^^That is the dumbest thing I've ever heard.
Anyway, to answer the OP. First off, Buster was an absolutely adorable Australian Cattle Dog mix! I think the only genes he got from his Cocker mom was the drop ear.
Second, you can train dogs to stay away from the road. My grandmother had a farm while I was growing up and all of her dogs were outside only, never tethered, etc. She'd had everything from random mutts, to an American Eskimo, to a Border Collie and a Lab. The Border Collie was the only one to actually make it long enough to die of old age though. The Eskie came close, but slid on the ice one year right out onto the road and just the wrong time. So you have to understand that while you can train a dog to stay out of the road, you're always going to have that risk that one time, they'll break their training and that will be the one time they get hit. You can minimize the risk by installing an invisible boundary fence along the front of the property by the road and training them to that, assuming the dog won't one day try to follow the fence to it's end point.
It's a calculated risk, having loose working dogs and living by a busy road.

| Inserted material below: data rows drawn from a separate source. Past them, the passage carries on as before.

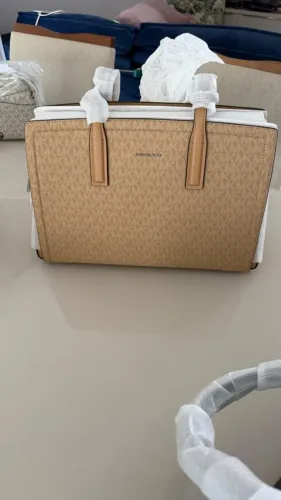 BOLSA MICHAEL KORS LAILA MEDIA COR SALMAO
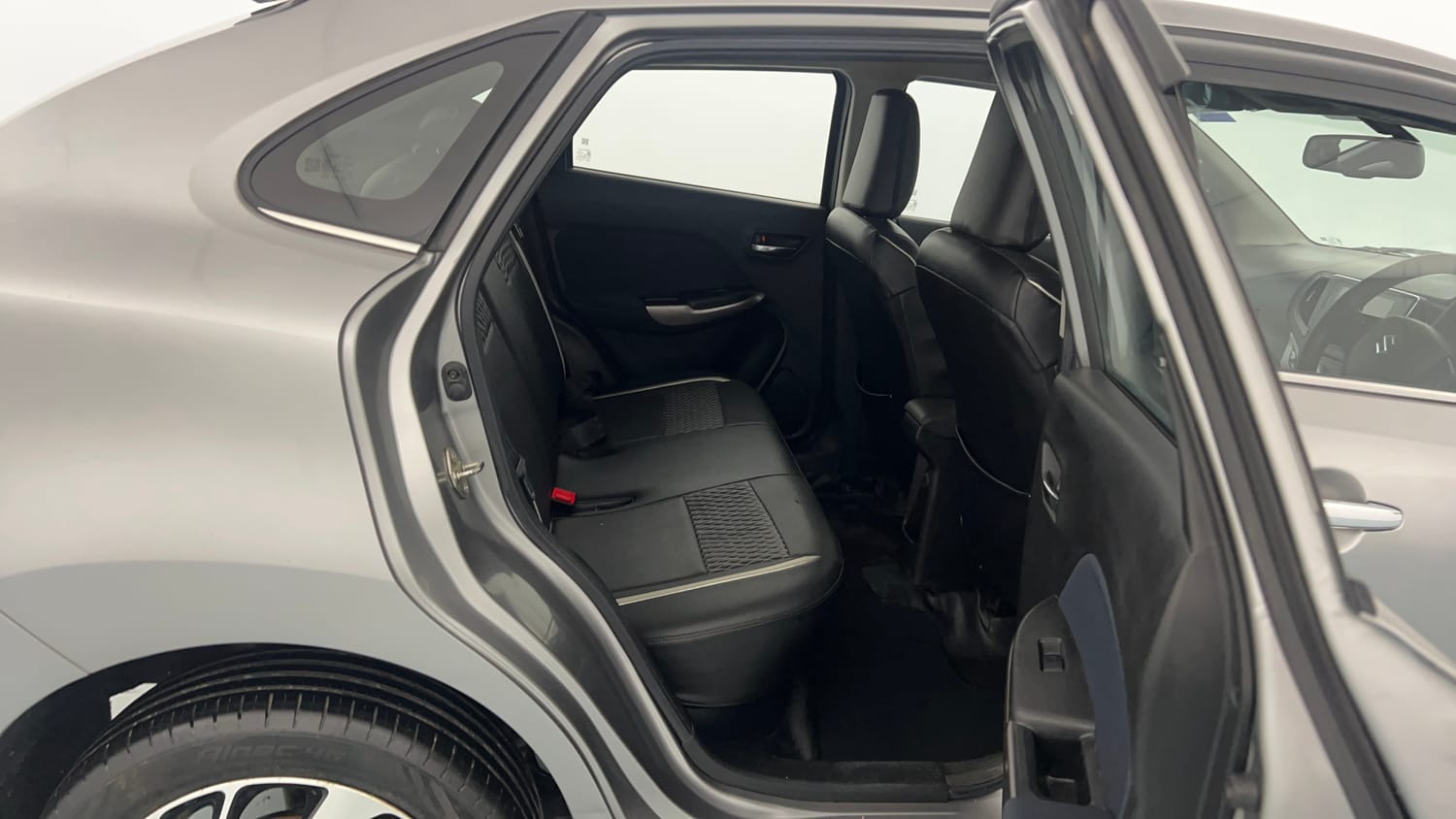 Used 2022 Maruti Suzuki Baleno Zeta Petrol Manual interior RIGHT SIDE REAR DOOR CABIN VIEW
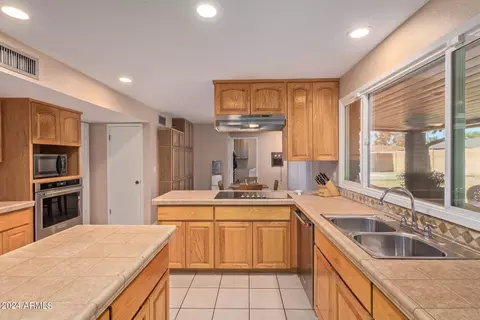2072 E Riviera Dr, Tempe, AZ 85282 photo 18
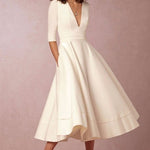 Laura™ | Vestido Midi Feminino Com Corte Em A, Decote Em V - | Benedita Lisboa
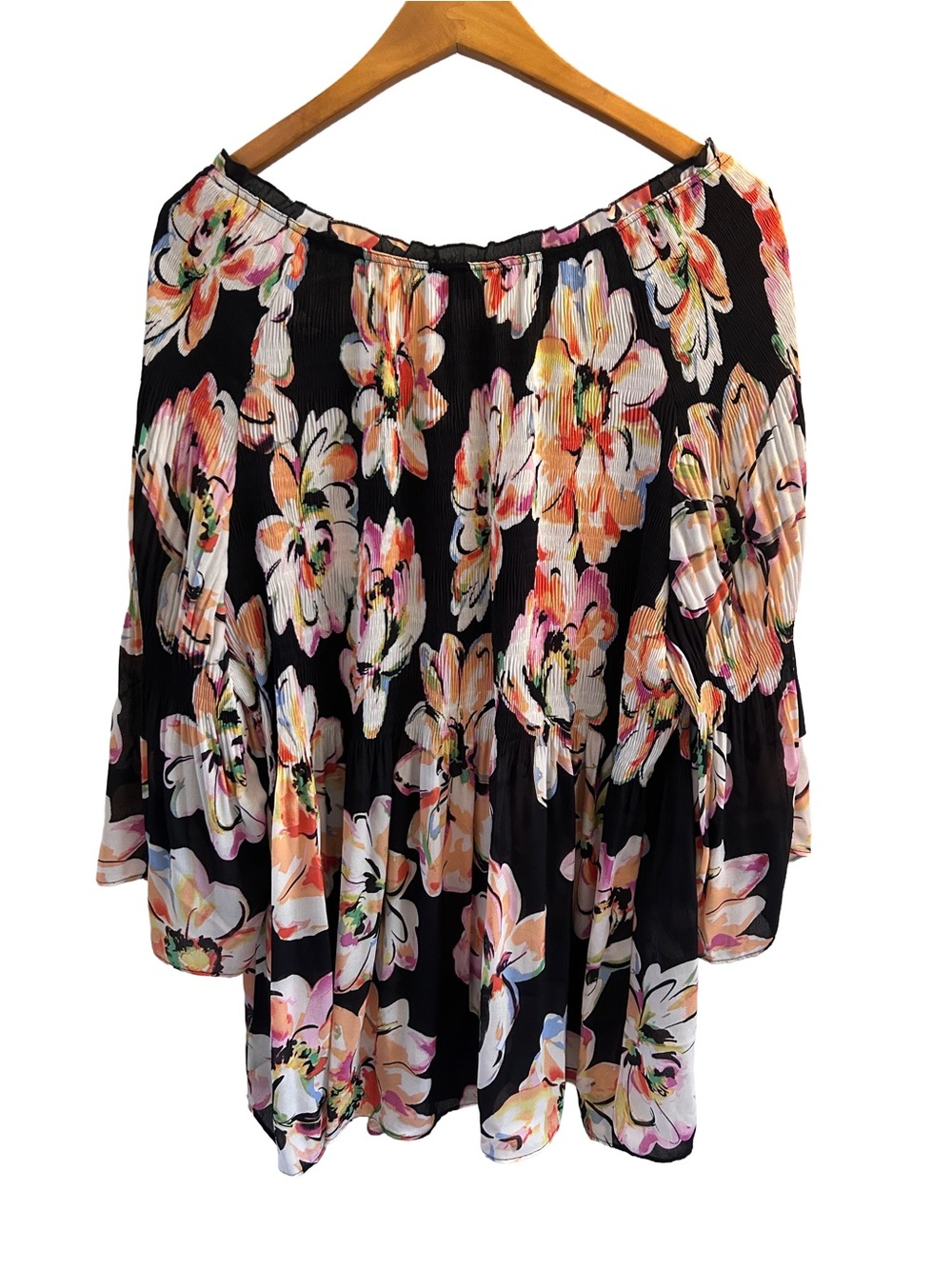 Floral & ivy Women's Black Floral Pleated Tunic with Pink & Peach Blooms 2X - Picture 2 of 6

I'm sure that the OP and their family will be outside most of the day like any farmer, so the dog will have plenty of attention and interaction?
I would stick with either herders (easy to train, less likely to go wandering off) and livestock guardian dogs like Pyrenees, etc. They stick with their charges for the most part and aren't usually too inclined to go wandering about. They can, however, misinterpret things, like cars, as threats and move to deal with it in their way. In the case of dog vs. car though, car will always win.